I began to align it with my life as well, that somehow in that moment, seeing the process of life in the tree I saw it also in myself. And I knew that my life also would be replenished, would be renewed, that there would be another season. It was such a wonderful feeling; I still had a lot of doubts and fears but there was a stillness and calmness there too.
I wanted to imprint the memory of that tree on my mind. So the next day I asked Kathryn, an artist, if she would go with me to the art supply store to get some paints and a canvas. She showed me what to get and how to mix the palette and so on, and I did a painting of that tree branch and the blue sky beyond it.
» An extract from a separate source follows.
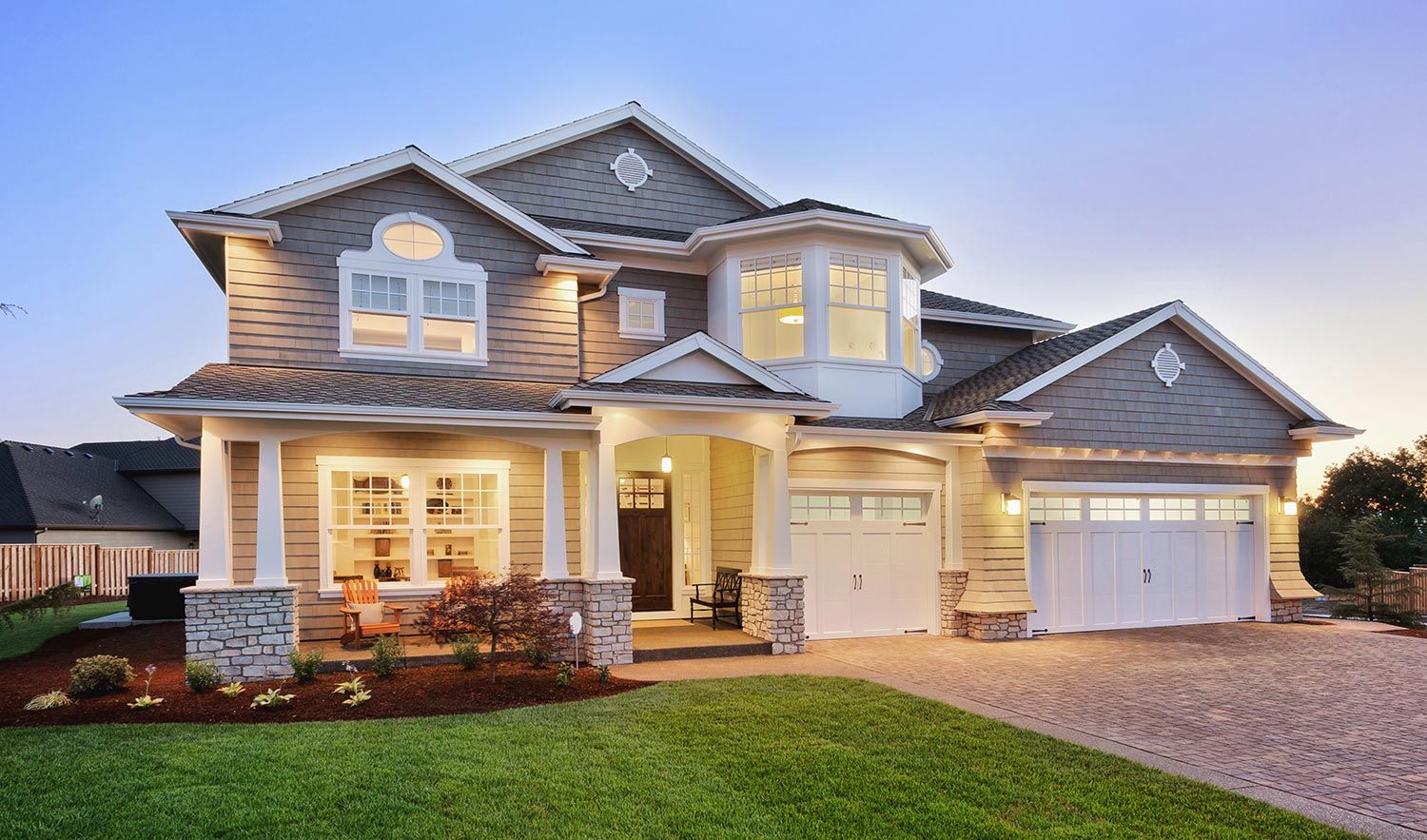 House at Night — Gig Harbor, WA — Harbor Quality Painting, LLC Two-story home at sunset with freshly painted exterior and trim in warm neutral colors.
It was probably not a very good painting, but it served as a mandala for me so I could remember that moment when my life was transformed to some degree.
Later on, I discovered that the Carmelite monk, Brother Lawrence, many centuries before had a similar experience with a tree. So I felt a special connection with Brother Lawrence, whose whole focus was on practicing the presence of God.
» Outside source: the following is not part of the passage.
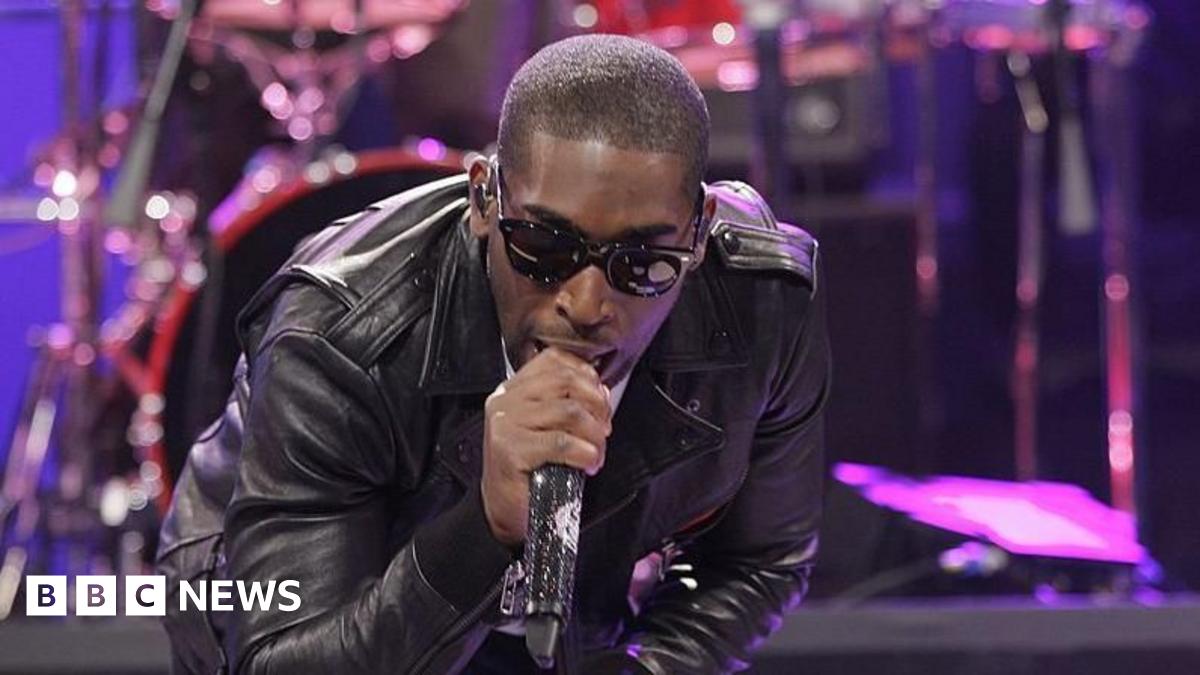 Tinie Tempah pointing left of the camera. He's smiling and wearing sunglasses and a white t-shirt while singing into a mic. Behind him is a green screen that says "Tinie Tempah - hashtag the last night out".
My despair was turned to hope as I aligned myself with the life force that I found in nature, and out of that came something beautiful. It was only about a week after that experience that it was Thanksgiving, and I went to the Thanksgiving service at Unity Village.
I’d never been to a Thanksgiving service before, in fact I don’t think I’d even been conscious of Thanksgiving before because I’d only been in the States for a couple of years or so and in England we didn’t have Thanksgiving Day. We had Harvest Festival but we didn’t have Thanksgiving.
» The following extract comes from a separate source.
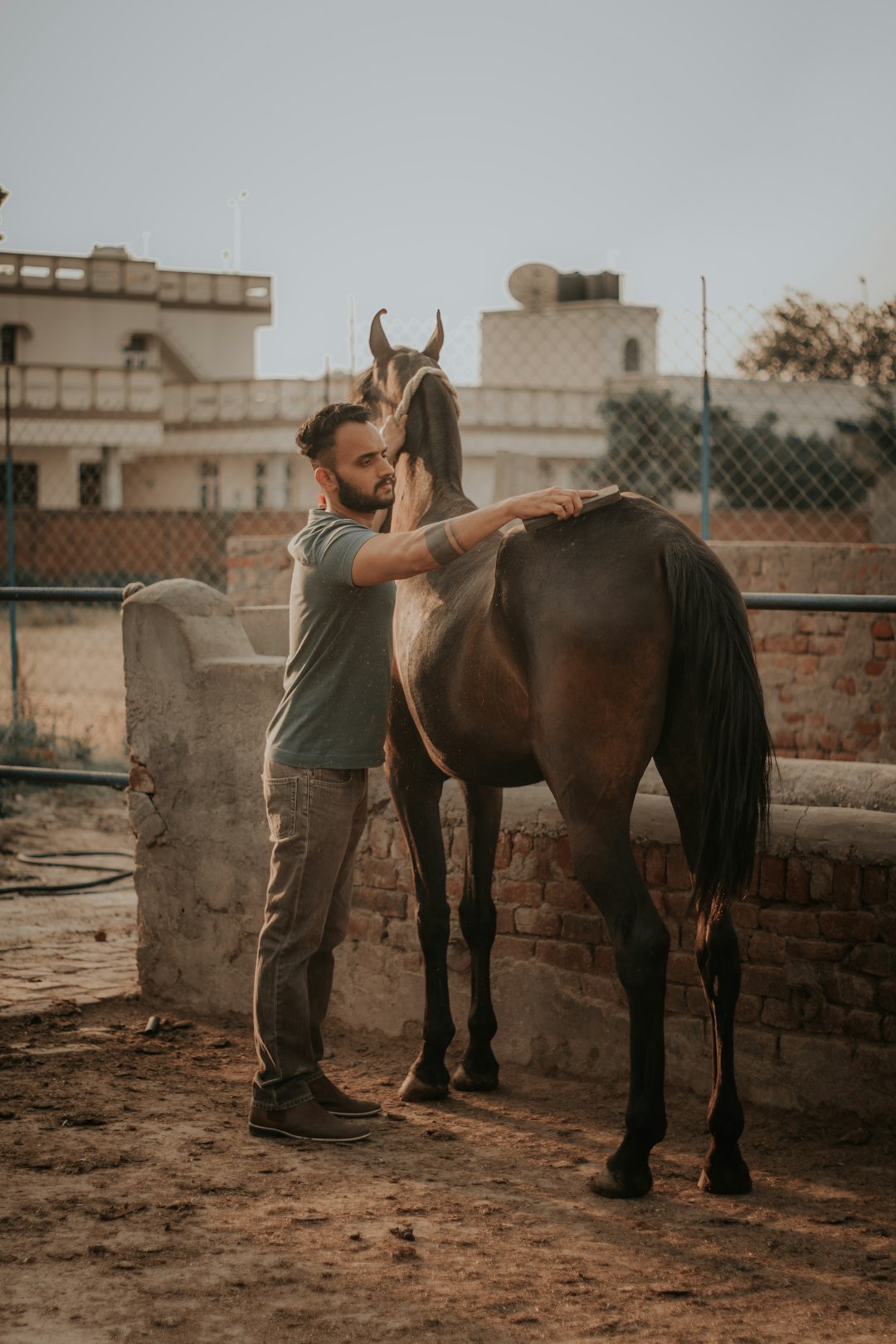 woman in gray shirt and gray pants riding brown horse during daytime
I went to the Thanksgiving service with Kathryn and some other classmates. Sig and Janie Paulson were ministers there, and it was in the old Village Chapel which was in the administration building at Unity Village before the Activities Center and the large chapel that’s there now was built. We were all sitting there together toward the back, and Janie Paulson started to lead a meditation of thanksgiving.
All of a sudden I began to feel that sense of thanksgiving rising in me for the new life that was there, and that no matter what had happened I would be OK and that God would see me through. Tears welled up in my eyes and overflowed and I cried.
After a while I managed to stop and then Sig got up there and he started his message with affirmations of thanksgiving. And the tears started again, and I couldn’t stop crying. But they were tears of thanksgiving, and all kinds of tears.
At the end of the service I rushed out of there and went to the Peace Chapel, a little chapel with only six chairs in there. I didn’t bother with the chairs when I first went in, there was no one in there and I lay down on the floor and just sobbed.
Then I became very quiet and I sat in one of the meditation chairs and I had a peaceful, deep, calm experience, where I felt God’s presence with me.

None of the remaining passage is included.